Best Practices and Elite Belief: International Competition and State Modernization in Qing China and Meiji Japan
Best Practices and Elite Belief: International Competition and State Modernization in Qing China and Meiji Japan (DOI: https://doi.org/10.1017/jea.2025.1) was written by Alexandre Haym and Dylan Motin in 2025. It was published in Journal of East Asian Studies (vol. 25, no. 1).
A simple economic model suggests that bureaucracy would converge towards best practices. States would be forced to adopt innovations that prove more efficient because of competition. Empirical evidence contradicts this model.
The authors explore the comparative study of Qing China and Meiji Japan. They argue that incentives to modernize and adopt best practices are tempered by embeddedness, as captured in two factors: leadership beliefs and elite cohesion. Leadership must be willing to believe that tradition is less efficient then modernization, and then the elite class must be cohesive enough for modernization to actually be adopted.
The Tokugawa shogunate held little power beyond fealty, had no national standing army or navy to emanate power, and did not exercise central control over domestic economic or monetary policies. There were calls for modernization among notable elites, especially following Commodore Perry's landing, but the largest scale that was actually achieved was importing French officers to train western-style units recruited from the samurai class. The Meiji Restoration was largely brought about by an elite class that was dissatisfied with the shogun's efforts to modernize. Meiji emperors thus inherited a weak state, a transformed elite class, and a clear mandate to strengthen the state through westernization.
In Ming China, powerful local governors implemented centralized laws and policies. They also became the regional hegemon with the collapse of a central Japanese government. The Qing did not institute any meaningful reforms upon succeeding the Ming, which helped to keep peace and stability through the High Qing period. Contact with the western world was gradual rather than abrupt, and the prevailing belief was that China coexisted out of restraint. Exceptional leaders like Cixi wanted to westernize; she was hampered by the reactionary elite class. There was greater fear for internal stability than external competition, e.g. the Taiping Rebellion, and the Imperial Court was decentralizing rather than centralizing. The turning point for leader beliefs was the Boxer Rebellion and the fall of Beijing, but cohesion continued to dissolve, e.g. the civil service exams were abolished in 1905.

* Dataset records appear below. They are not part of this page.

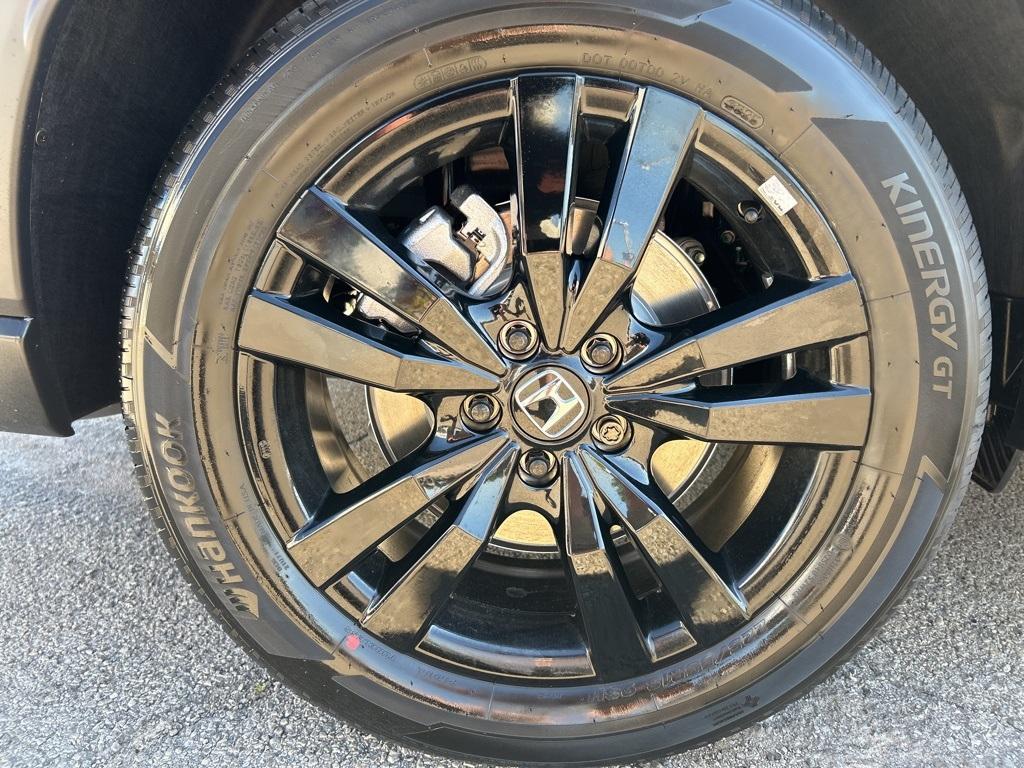 new 2026 Honda HR-V car, priced at $29,764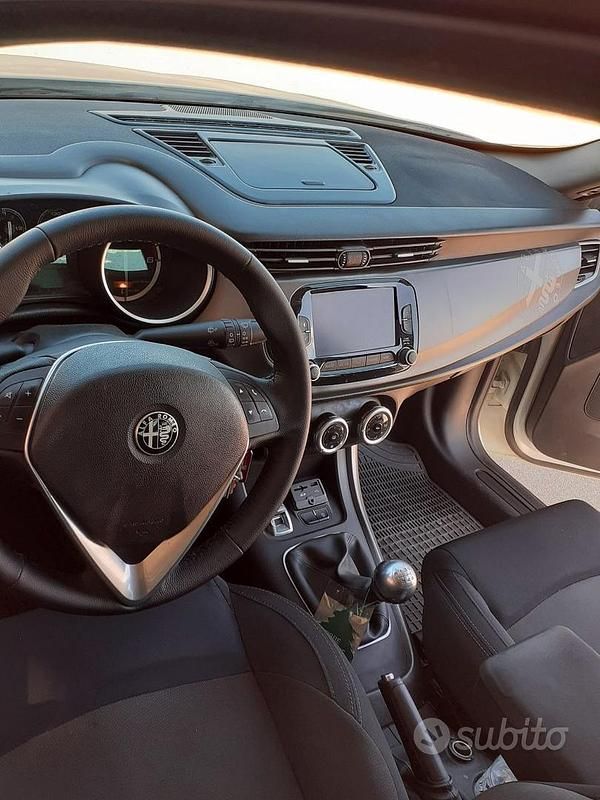 Usata Alfa Romeo Giulietta 120 CV (88 kW) 2016 Utilitaria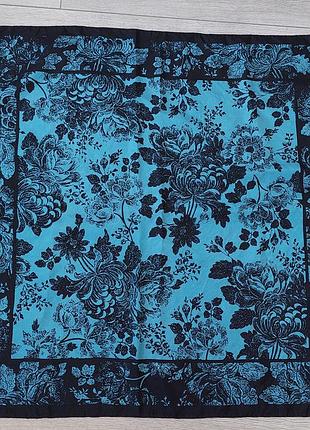 Шёлковый чёрный платок в голубой цветочный принт, шов роуль made in thailand(89 см на 88 см)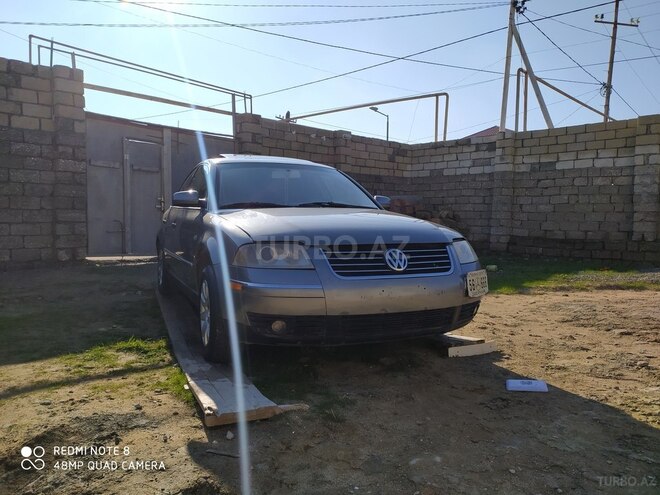 Volkswagen Passat 2003, 334,700 km - 1.8 l - Bakı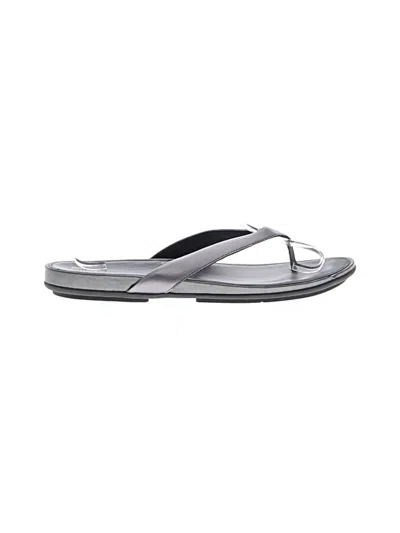 Pre-owned Fitflop Flip Flops In Gray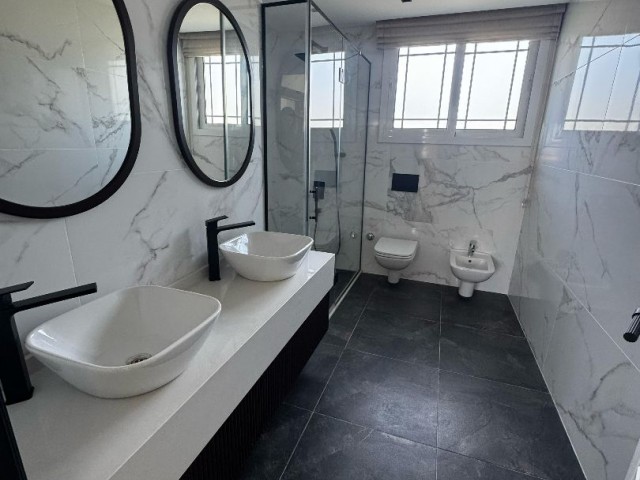 Zeytinlik bölgesinde satılık özel havuzlu Türk tapulu villa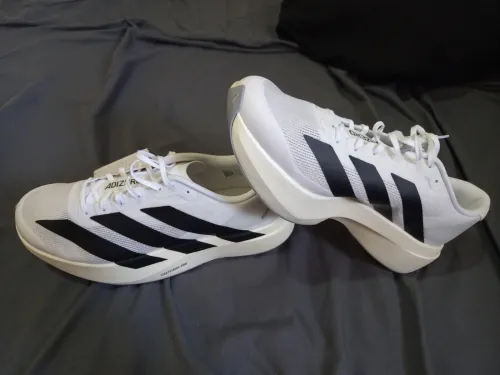 Deux Adidas Adizero EVO SL Original 44 2/3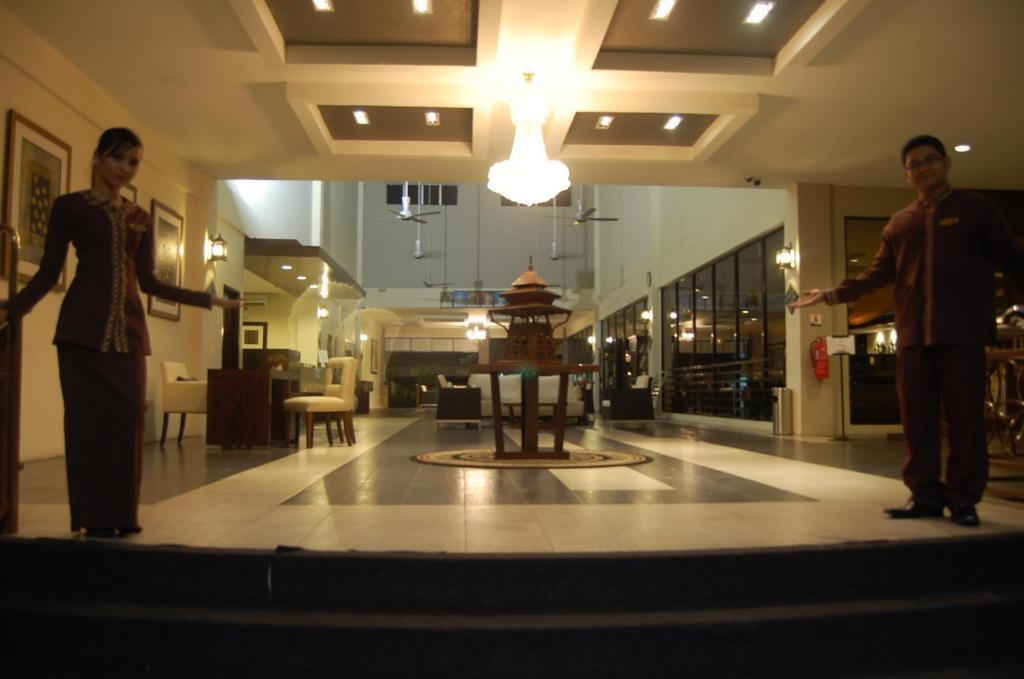 Hotel Seri Malaysia Кангар Экстерьер фото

"The research closest to ours is Wojciuk (2021). Like us, she noticed that the Japanese elite understood the changing balance of power far more quickly than the Chinese did, due to Japan’s longstanding weakness while China remained cloaked in a complex of superiority. Focusing on leadership beliefs, Wojciuk finds that it took until 1900 for the Chinese to react. Although we agree, this does not explain why Chinese balancing failed even after the leadership acknowledged the new distribution of power. Consequently, our two-step argument combining institutional embeddedness with leadership belief and state cohesion offers more explanatory power."